Thursday, March 14, 2013

My Future...

Ahhh here we are again...welcome to DEAD WEEK! Ugh! Of course what am I doing? Procrastinating? Actually I'm getting into my writing zone. I have a final paper to write tonight and sometimes I need to get into my zone to powerhouse it out. I love to write, it's just a matter of getting my head into it.
But that's not what this post is about. It's moments like these where I'm so wore out from school that I sit back and think about what I'm really working for. I picture my life ahead of me and what I'm doing to make that possible. I think about my future career and how I can't wait to get started in it. I look up jobs through the State ads just to get an idea of what they are looking for and what I should be expecting/preparing for. I think about what my first interview will be like, whose lives I'm going to change, what kind of cases that I'm going to get that will change my life. The more I think about it the more motivated I get. It lights that fire inside me that sometimes dies down a little at the end of each term. So here I am again thinking out my life and the plan I have for myself, so I decided to lay it all out.

I am currently 19 years old working on my Bachelor's of Human Development and Family Studies. While I'm working on my first degree, I want to study abroad in a country working with poverty stricken communities and children. Somewhere like Ethiopia with the Adoption Advocates International. I'm going to graduate in the Spring of 2015 with my degree from Oregon State University.

Not my picture, borrowed!
Yes that is my face pasted on, but use your imagination with me folks!
After I graduate, I want to move to Boise, Idaho and attend Boise State University and earn my M.S.W.(Master's of Social Work) by the time I'm 25. By this time I would like to be considered bilingual in Spanish.

Woohoo! Go Broncos!
If I haven't already found a job within the career I want by the time I graduate, I would like to find one working possibly in DHS in Oregon or Idaho.
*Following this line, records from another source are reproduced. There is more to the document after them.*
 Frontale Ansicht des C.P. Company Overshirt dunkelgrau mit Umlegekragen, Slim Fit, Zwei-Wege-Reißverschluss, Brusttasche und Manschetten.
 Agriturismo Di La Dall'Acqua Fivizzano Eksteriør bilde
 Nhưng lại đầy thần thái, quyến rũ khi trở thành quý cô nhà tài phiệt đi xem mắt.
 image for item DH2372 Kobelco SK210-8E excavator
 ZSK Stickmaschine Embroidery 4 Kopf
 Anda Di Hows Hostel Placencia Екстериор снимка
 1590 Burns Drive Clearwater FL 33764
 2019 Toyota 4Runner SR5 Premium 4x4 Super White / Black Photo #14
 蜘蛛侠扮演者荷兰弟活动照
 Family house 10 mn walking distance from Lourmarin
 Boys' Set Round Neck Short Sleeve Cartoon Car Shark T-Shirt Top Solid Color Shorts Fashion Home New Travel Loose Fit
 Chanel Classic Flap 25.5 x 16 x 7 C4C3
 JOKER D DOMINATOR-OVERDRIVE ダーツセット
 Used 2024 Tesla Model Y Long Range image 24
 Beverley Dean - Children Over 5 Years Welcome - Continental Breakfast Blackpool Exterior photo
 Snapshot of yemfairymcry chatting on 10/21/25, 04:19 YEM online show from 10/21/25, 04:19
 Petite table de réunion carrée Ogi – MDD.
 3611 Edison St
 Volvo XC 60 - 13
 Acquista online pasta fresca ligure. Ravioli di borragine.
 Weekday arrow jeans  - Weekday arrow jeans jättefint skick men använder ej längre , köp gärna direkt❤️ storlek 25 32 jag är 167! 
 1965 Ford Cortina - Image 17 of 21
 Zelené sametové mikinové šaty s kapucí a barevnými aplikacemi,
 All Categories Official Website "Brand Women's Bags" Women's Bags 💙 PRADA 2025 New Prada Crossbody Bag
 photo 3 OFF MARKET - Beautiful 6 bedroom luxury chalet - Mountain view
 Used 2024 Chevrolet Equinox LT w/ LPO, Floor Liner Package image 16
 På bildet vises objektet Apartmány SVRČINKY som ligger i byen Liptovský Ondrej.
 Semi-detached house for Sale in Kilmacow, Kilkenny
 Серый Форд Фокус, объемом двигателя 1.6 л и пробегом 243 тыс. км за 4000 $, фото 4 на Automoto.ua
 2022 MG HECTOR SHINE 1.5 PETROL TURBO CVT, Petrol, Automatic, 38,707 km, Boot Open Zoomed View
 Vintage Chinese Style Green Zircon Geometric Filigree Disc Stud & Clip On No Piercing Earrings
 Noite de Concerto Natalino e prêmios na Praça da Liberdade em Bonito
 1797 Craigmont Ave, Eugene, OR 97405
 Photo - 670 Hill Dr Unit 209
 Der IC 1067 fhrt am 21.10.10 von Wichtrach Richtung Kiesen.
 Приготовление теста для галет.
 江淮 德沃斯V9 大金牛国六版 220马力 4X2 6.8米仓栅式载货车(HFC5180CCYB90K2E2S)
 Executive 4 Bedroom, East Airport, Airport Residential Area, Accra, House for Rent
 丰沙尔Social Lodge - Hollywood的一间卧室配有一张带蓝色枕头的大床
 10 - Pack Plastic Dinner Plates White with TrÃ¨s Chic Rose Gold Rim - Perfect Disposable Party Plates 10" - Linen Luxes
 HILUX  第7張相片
Then I can wear real work clothes instead of my old nasty Papa Murphy's uniform! ;) But I should explain since I get this question ALL THE TIME. "Why do you want to do that job? It's so depressing." Yes there are some very difficult things that come with the territory, but in reality I want to change lives and change them for the better. But then one day I came across a quote that really hit me and I was like, "Yes that is exactly why!" and the quote read..."I can't help it. I love the broken ones, the ones who need the most patching up, the ones who've never been loved...and maybe I see a part of me in them, the missing piece, always trying to fit in, the shattered heart hungry for a home." Now first of all I want to say that my childhood was by no means bad or awful, especially compared to the people I will be working with, but coming from a poverty stricken family we definitely experienced things that a lot of people will never understand, I had to grow up quickly, but I do not resent or regret one bit of it. I want these children and families to do the best for not only themselves, but each other and the community. I feel like I will be able to truly relate to the people I will work with, I won't be that case worker they look at and say this girl doesn't even know what it's like, she doesn't know our struggles and here she is trying to change us. No, I do know what it is like to an extent and I want to help you and give you the hope that I had stored into me. Everything is possible and sometimes all people need is that helping hand.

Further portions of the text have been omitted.